Assessing the arbitration agreement provisions under this test, the High Court held that none of its requirements was substantively unconscionable. The Court explained, for example, that the right to appeal an injunction award (which plaintiff claimed unfairly favored the defendant) was not unconscionable given the “potentially far-reaching nature of an injunctive relief remedy.” Id. at 17. Though leaving open the possibility that a future case might differ on its facts, the Court also held that the requirement that the appealing party must advance the costs of the appeal was not unconscionable given that the “case concern[ed] a high-end luxury item[,]” and “no evidence in the record suggests . . . that the cost of appellate arbitration filing fees were unaffordable for [the plaintiff.]Id. at 23. The Court similarly dismissed the claim that the reservation of self-help remedies was too unfair, recognizing that “it [was] undisputed that the remedy of repossession of collateral is an integral part of the business of selling automobiles on credit and fulfills a legitimate commercial need.” Id. at 25 (internal citations omitted). Finally, the Court confirmed that the Federal Arbitration Act preempted the CLRA’s bar on class-action waivers, and as such, the arbitration provision’s class-action waiver had no effect on the unconscionability analysis. Id. at 25-26.

Key Takeaways

As noted above, Sanchez bowed to and applied the U.S. Supreme Court’s Federal Arbitration Act precedents. We do not, however, expect that disputes over enforceability in California will abate.

On the one hand:

  • Sanchez makes clear that the standards courts should apply to arbitration agreements must be the same as the standards for all contracts. A court may not burden the exercise of the arbitration right or otherwise apply heightened scrutiny. Parties defending their arbitration provisions should therefore look to see whether the party contesting the clause has otherwise acknowledged the validity of the rest of the contract (thus suggesting the arbitration clause itself is valid), or is otherwise applying a standard that would single out arbitration provisions for special treatment.

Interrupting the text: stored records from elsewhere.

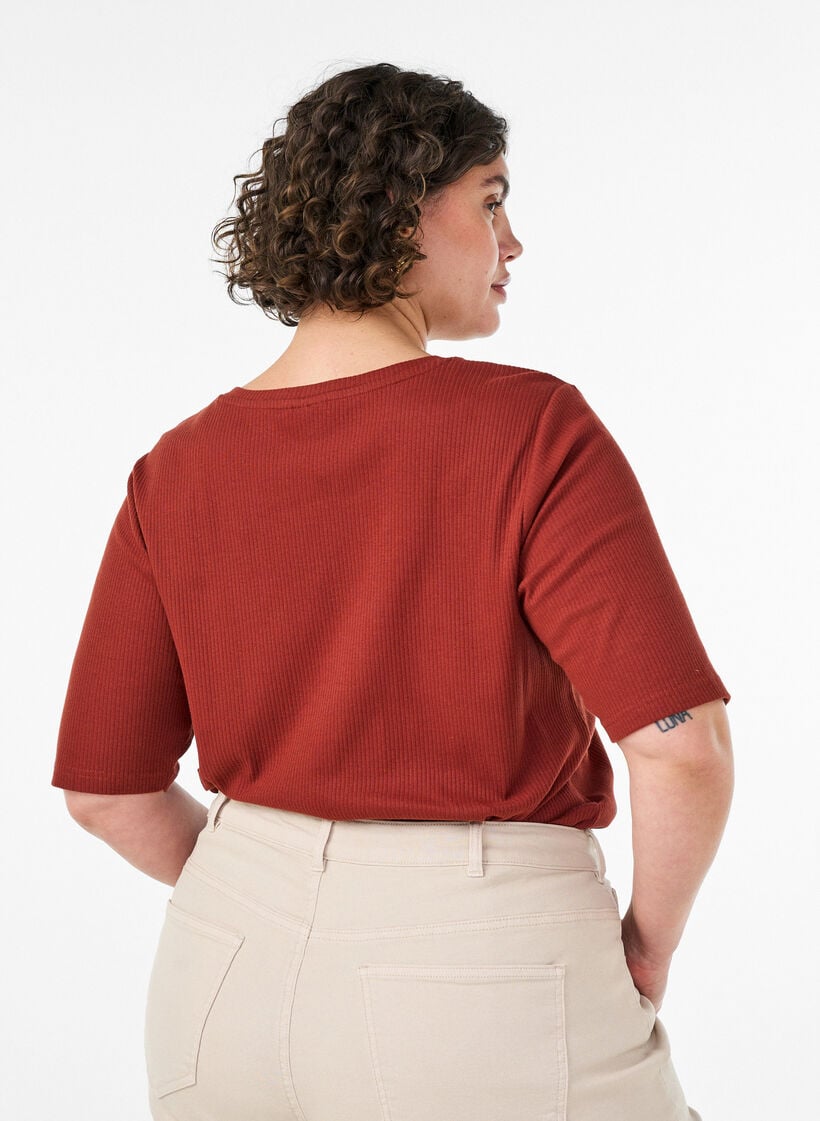 Geribde jersey blouse met korte mouwen, Rood, Model image number 2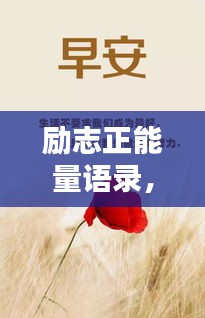 勵志正能量語錄，激發(fā)你內(nèi)心力量的情感寄語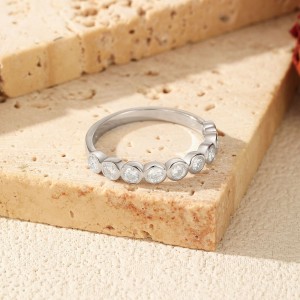 925 Sterling Silver Bezel Set Moissanite Bubble Eternity Band Ring 110200057 925 Sterling Silver Bezel Set Moissanite Bubble Eternity Band Ring 110200057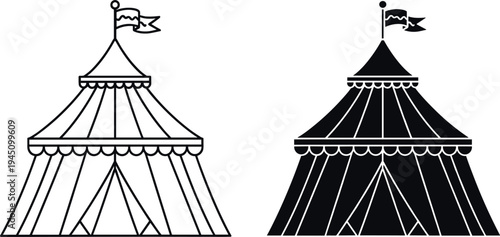 Circus tent vector illustration with outline and solid silhouette styles isolated on light background for carnival festival design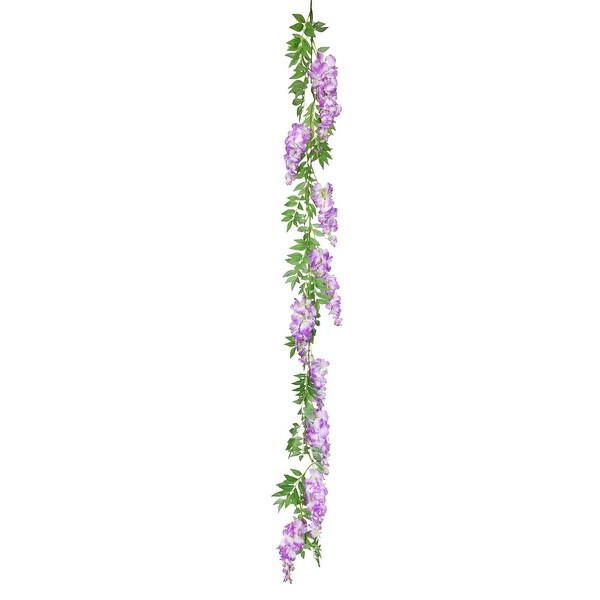 Set of 2 Lavender Artificial Wisteria Flower Garland Hanging Vine 6ft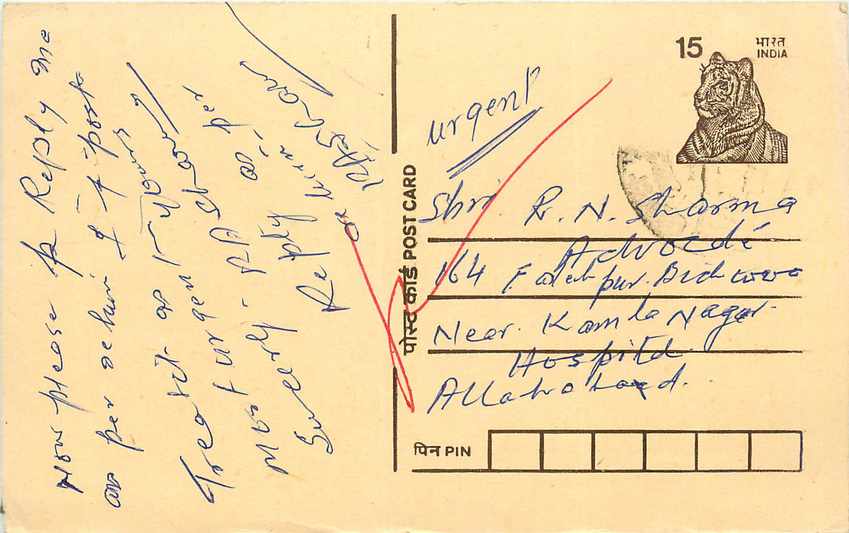 Inde India Cover Card Tigre Tiger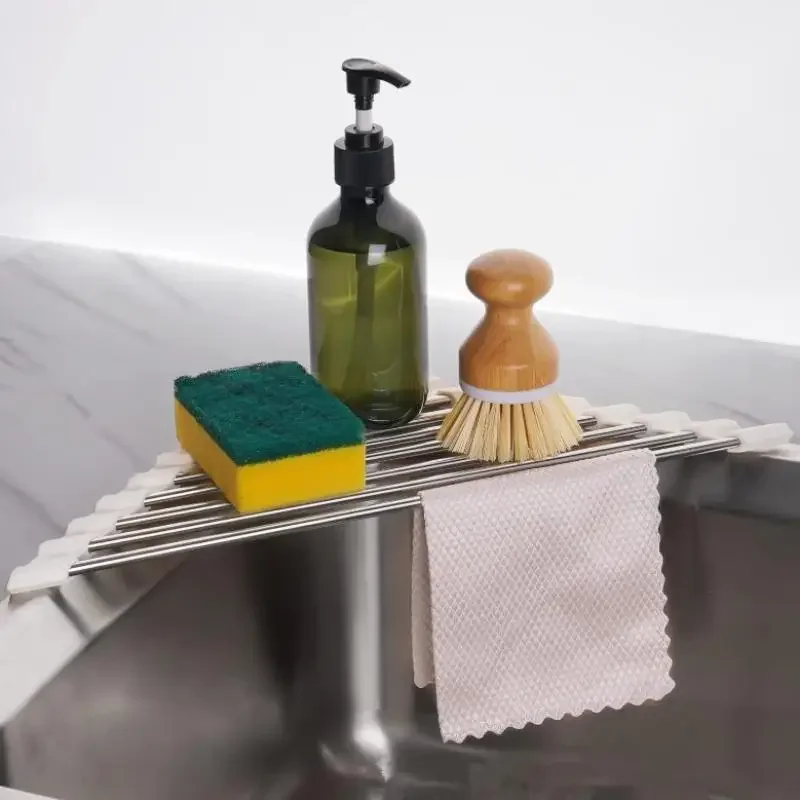Складная треугольная сушилка для посуды из нержавеющей стали, складной органайзер для кухонной мойки, угол над раковиной, держатель для губки, тряпки, сушилка
Складная треугольная сушилка для посуды из нержавеющей стали, складной органайзер для кухонной мойки, угол над раковиной, держатель для губки, тряпки, сушилка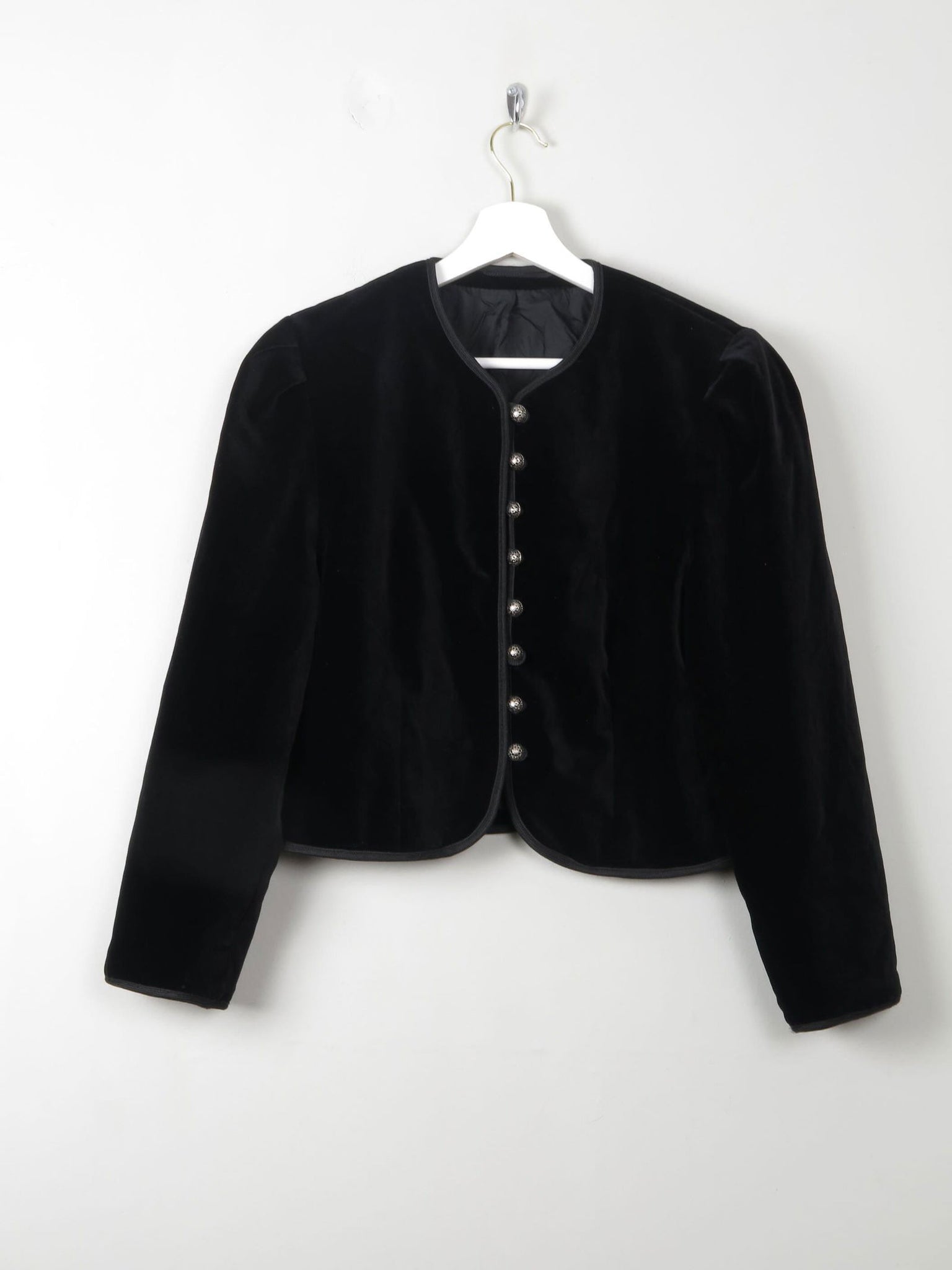 Women's Vintage Black Velvet Cropped Jacket M - The Harlequin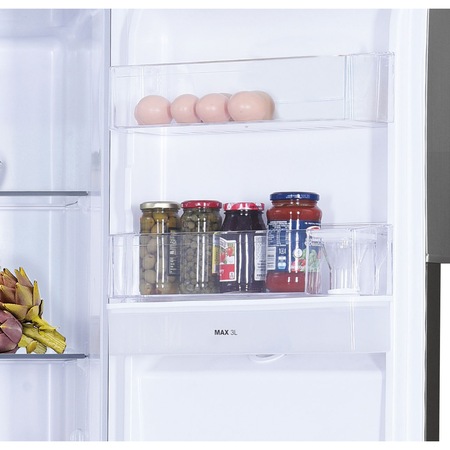 Side by side Candy CHSBSO 6174XWD, 529 litri, Clasa E, Total No frost, Dozator de apa, H 177 cm, Inox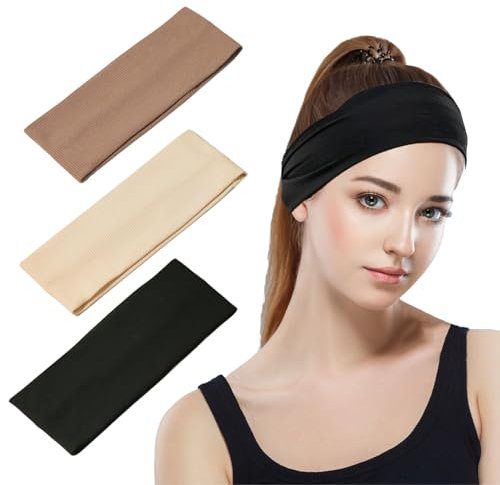 3 Stück Haarband Damen, Elastic Stirnband Damen Sport, Baumwolle Haarband Breit, Antirutsch Hasrband für Laufen, Radfahren, Yoga, Fitness, Schweiß Weich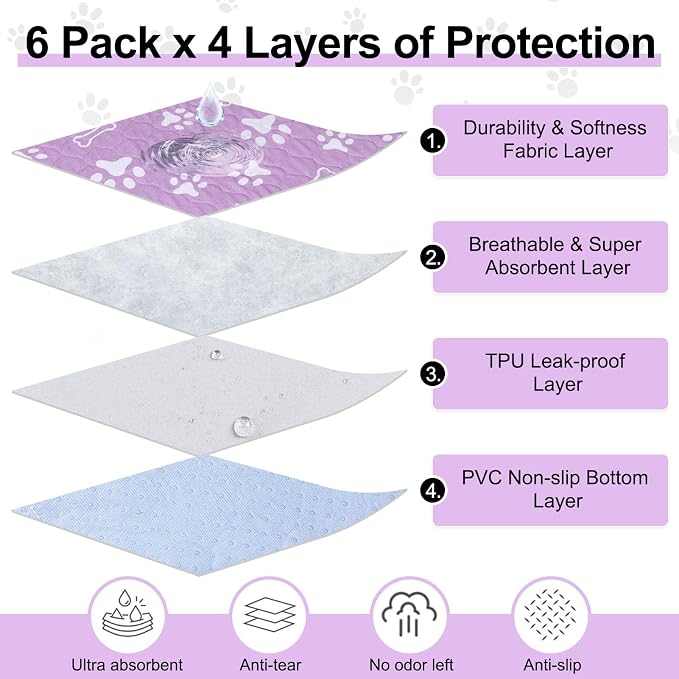 BEAUTYZOO 6 Pack Washable Pee Pads for Dogs, Reusable Puppy Pads for Potty Training, Waterproof Super Absorbent Whelping Pads Mats Non Slip Against Urine for Small Medium Dogs Cats, 16" x 24" - Image 3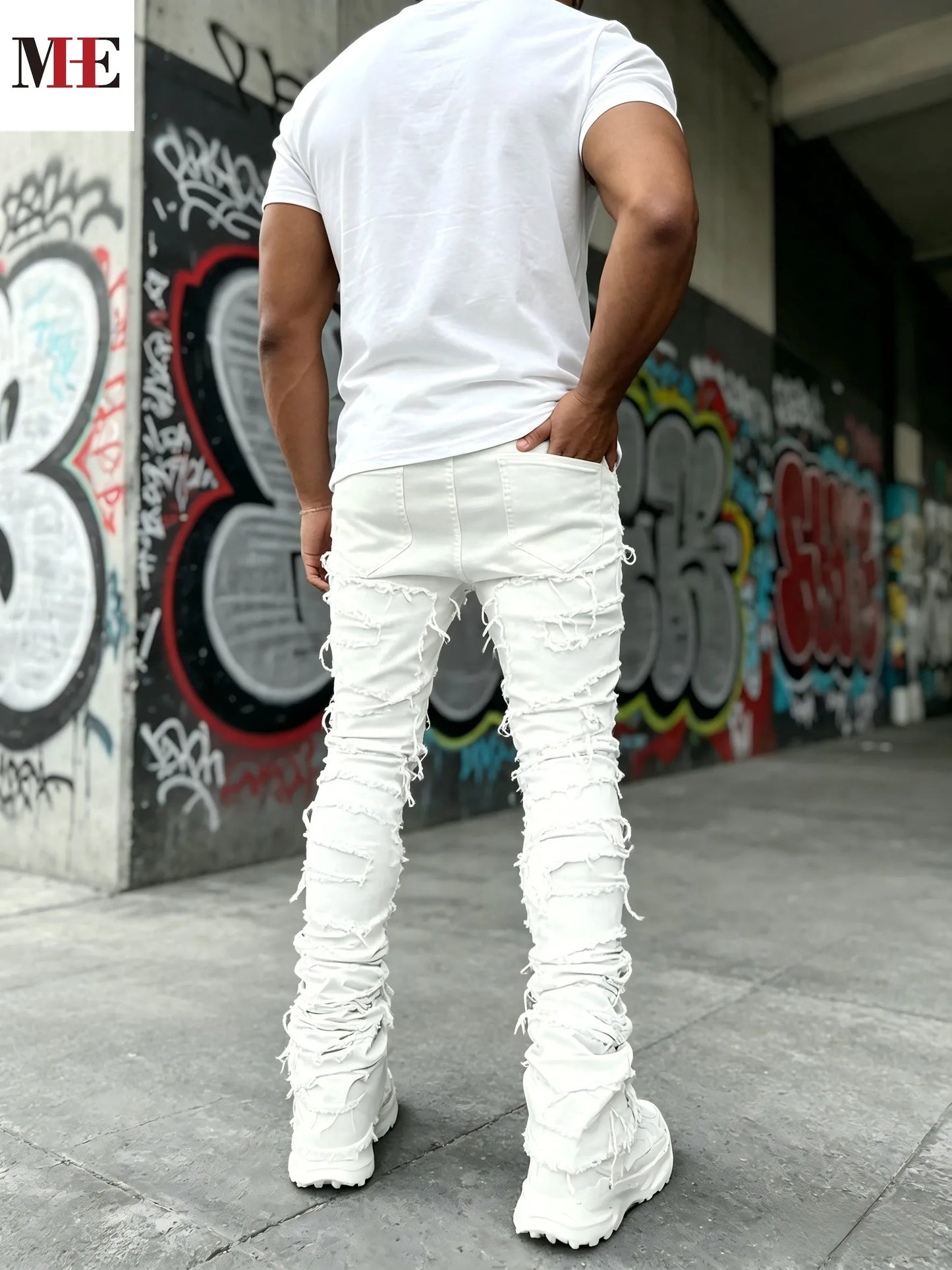 HME Mens Slim Flared Denim Jeans With Ripped Frayed Details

  • A business has no obligation to call special attention to an arbitration provision in its contracts.

On the other hand:

  • The Court explained that applying unconscionability rules will produce different results according to the context. Among other things, we expect plaintiffs to contend that the result in Sanchez is explainable by, and perhaps limited to, its unusual context (the purchase of a luxury good), and is not readily transferable to other consumer contracts, or to arbitration agreements covering the employment relationship. Though the Court’s reasoning suggests its analysis should apply in most circumstances, we expect that plaintiffs will try to cabin Sanchez to its facts.

Sanchez confirms that unconscionability remains a viable challenge to unduly one-sided arbitration provisions. Companies that overreach, by drafting draft extreme provisions or those that impose excessive costs on consumers or employees, may do so at their peril.